Face aux tensions énergétiques mondiales, le Maroc mise sur les énergies bas carbone pour sécuriser son approvisionnement et renforcer la compétitivité de son industrie, dans un contexte marqué par de nouvelles exigences climatiques internationales.
Lors du Forum international des énergies, les acteurs du secteur ont souligné le rôle stratégique de la transition énergétique. Hanane Belyagou a insisté sur les atouts du Royaume, notamment un fort ensoleillement et une position géographique clé, permettant de faire de l’énergie un levier direct d’accès aux marchés internationaux. Avec l’entrée en vigueur du mécanisme d’ajustement carbone aux frontières de l’Union européenne en 2026, la décarbonation devient un passage obligé pour les exportateurs.
Le Maroc vise plus de 52% d’énergies renouvelables dans son mix énergétique d’ici 2027. Mais Hicham Bouzekri rappelle l’écart entre capacité installée et consommation réelle, estimant que le chemin reste important pour atteindre ces objectifs, d’autant que la demande électrique progresse de 6 à 7% par an.
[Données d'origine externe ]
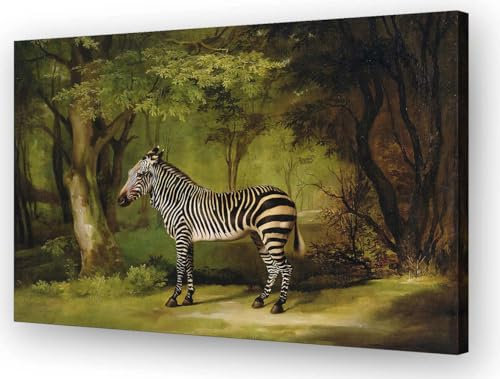 Wallpicss Zebra-Wandkunst, berühmte Gemälde, Poster, gerahmtes Kunstwerk für Wände, hängende Bilder, Vintage-Tierdrucke, Romantik, Zebra-Wanddekoration, 40,6 x 61 cm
La baisse des coûts du solaire et de l’éolien, désormais plus compétitifs, renforce cette dynamique. Les solutions de stockage se développent également pour pallier l’intermittence, soutenues par la loi 82-21, qui autorise les industriels à produire et stocker leur propre énergie.
Dans cette logique, des projets structurants voient le jour, comme l’Autoroute électrique Sud-Centre, destinée à relier les provinces du Sud au reste du pays à l’horizon 2030. L’objectif est aussi de positionner le Maroc comme un hub énergétique régional, connecté à l’Europe et à l’Afrique.
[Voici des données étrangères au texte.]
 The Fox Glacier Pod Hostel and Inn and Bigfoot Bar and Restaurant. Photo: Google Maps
Les intervenants alertent toutefois sur un risque de dépendance technologique, appelant à développer des filières industrielles locales autour des équipements, du stockage et de l’hydrogène vert.
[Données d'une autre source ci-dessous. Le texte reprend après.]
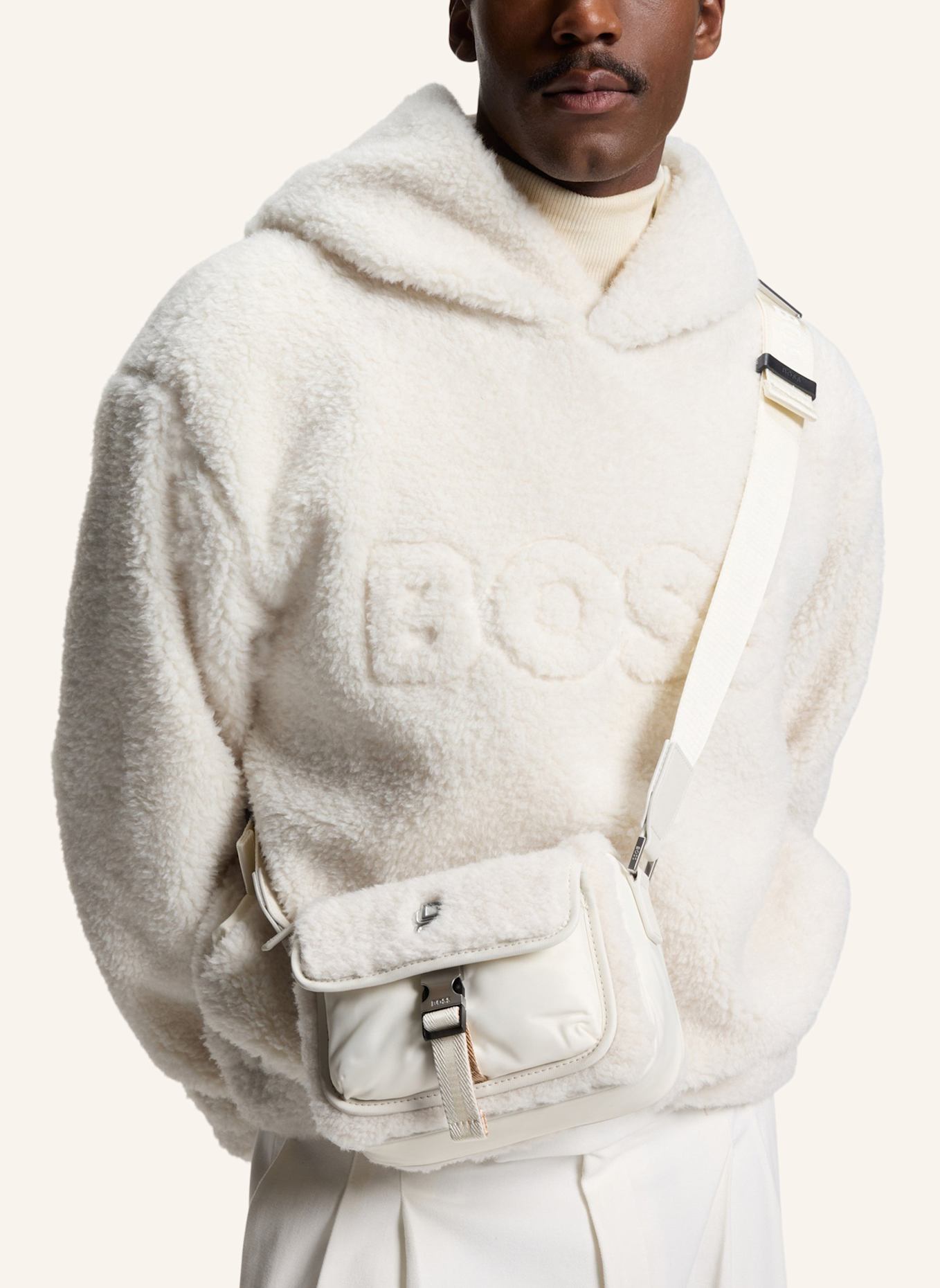 BOSS Crossbody-Tasche B_ICON BOSS X STEIFF: WEISS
Sur le plan réglementaire, le cadre est renforcé par la loi 13-09 et la loi 82-21, tandis que la mise en place d’un registre national des certificats d’origine verte doit permettre aux entreprises de valoriser leur production décarbonée et de limiter l’impact des nouvelles taxes carbone.
Au croisement des enjeux énergétiques, industriels et commerciaux, la transition vers les renouvelables s’impose ainsi comme un levier central de souveraineté et de compétitivité pour le Maroc.